Thursday, February 11, 2010

Sharing a Good Thing


There’s a great line in Alice Walker’s The Color Purple that’s been on my mind lately. It’s spoken by Shug who, upon observing a field of flowers, remarks to Celie that “I think it pisses God off when you walk by the color purple in a field and don’t notice it. . . . [God is always] just wanting to share a good thing.”

Lately, I’ve been feeling the same way about the ocean. It feels somehow wrong of me to live so close to such beauty and not make the effort, at least once a day, to go and appreciate and enjoy it - especially since I’ll be returning to wintry Minnesota in less than a week!

And so spending time by the ocean at least once a day is exactly what I’ve been doing.
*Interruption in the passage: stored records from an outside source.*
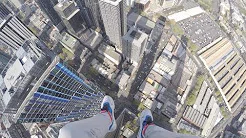 Jovem arrisca a vida em arranha-céu 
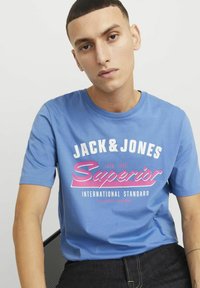 Blå bomulds t-shirt med korte ærmer og rund halsudskæring. Har hvid og pink grafisk tekst "JACK & JONES Superior International Standard."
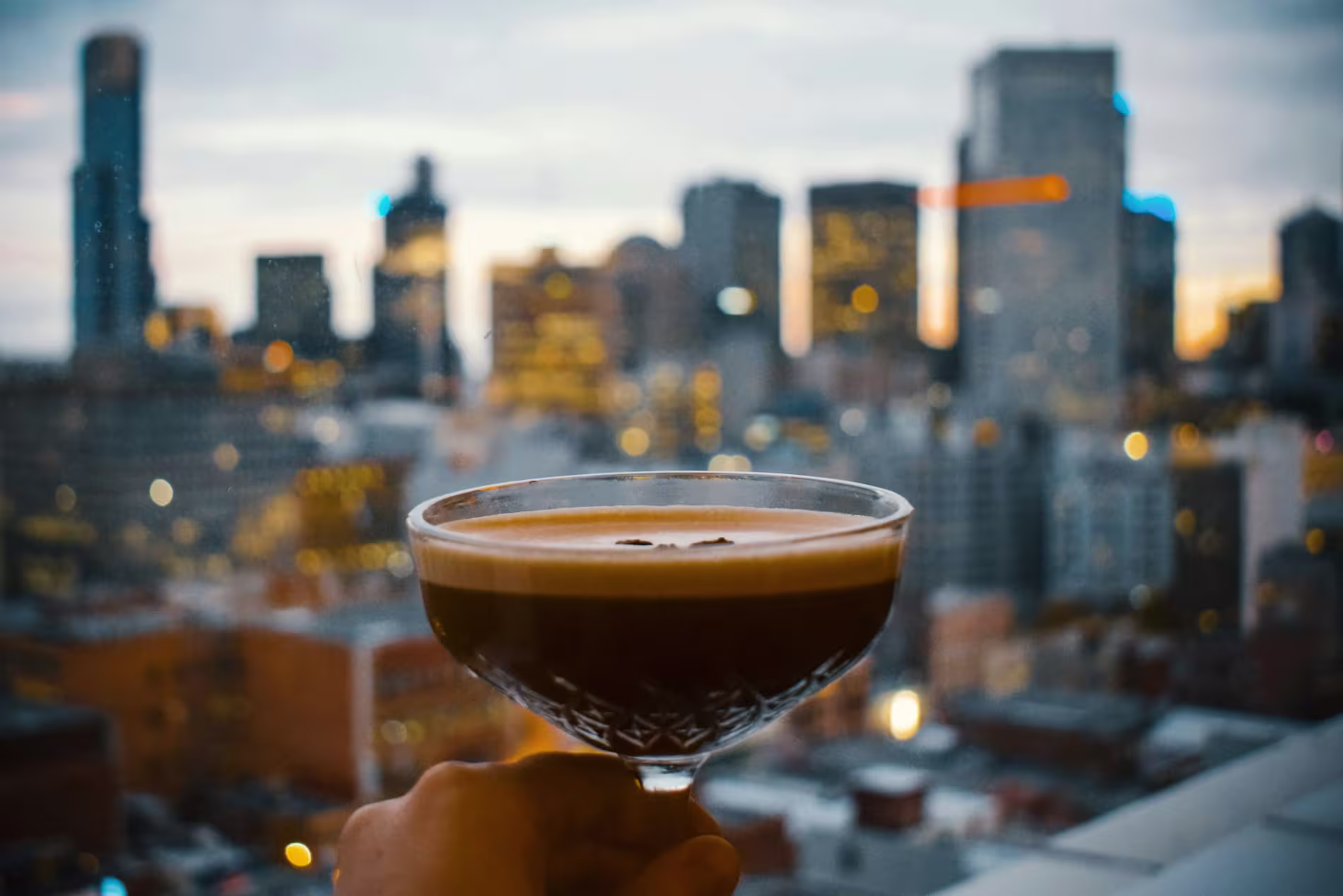 A hand holds a cocktail glass with a dark drink in front of a city skyline at dusk, seen through a window.
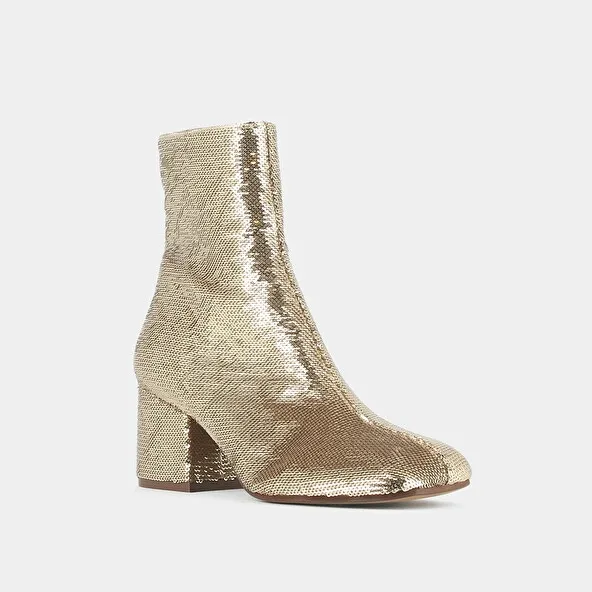 Heeled boots in platinum sequins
I even have a favourite spot: a rock platform that juts into the sea, and upon which I often go to simply be still and as fully present as I can be to myself, to God, and to the natural beauty that surrounds me.






Sometimes, when the tide is coming in, walking on this platform feels like walking on the sea!



And once I sat on the platform's spongy wet green edge as the ocean’s waves came gently rolling in, submerging my legs and waist. I felt like a merman of ancient lore!


I like this “somewhere in between” place, this wondrous place that’s both land and sea, so much so that I’ve decided that I’d like to be married here!



Actually, I thought it was marriage I had in mind – until, that is, I read chapter 6 of Todd Salzman and Michael Lawler’s The Sexual Person: Toward a Renewed Catholic Anthropology, and realized that it’s actually my wedding that I’d like to see take place at this special place I’ve just described.

Marriage, you see, as understood in the Christian tradition before the Council of Trent (1559-1563), is actually a process – a four step process, with the wedding of a couple being but one step in this process.

I’m reading Salzman and Lawler’s book as part of
a work/study group on sexual orientation and gender identity. This group is actually one of a number of work/study groups that since last April have been preparing the content of the Catholic Coalition for Church Reform’s Synod of the Baptized, scheduled to take place back in my “other home” of Minnesota on September 18.

Chapter six of The Sexual Person is entitled “Cohabitation and the Process of Marrying,” and aims to do two things: 1) to discuss and explore both cohabitation and marriage, and their possible connectedness; and 2) to propose that an option for the process of marrying in the Roman Catholic Church revert to a four-step process accepted in the Church before the Council of Trent.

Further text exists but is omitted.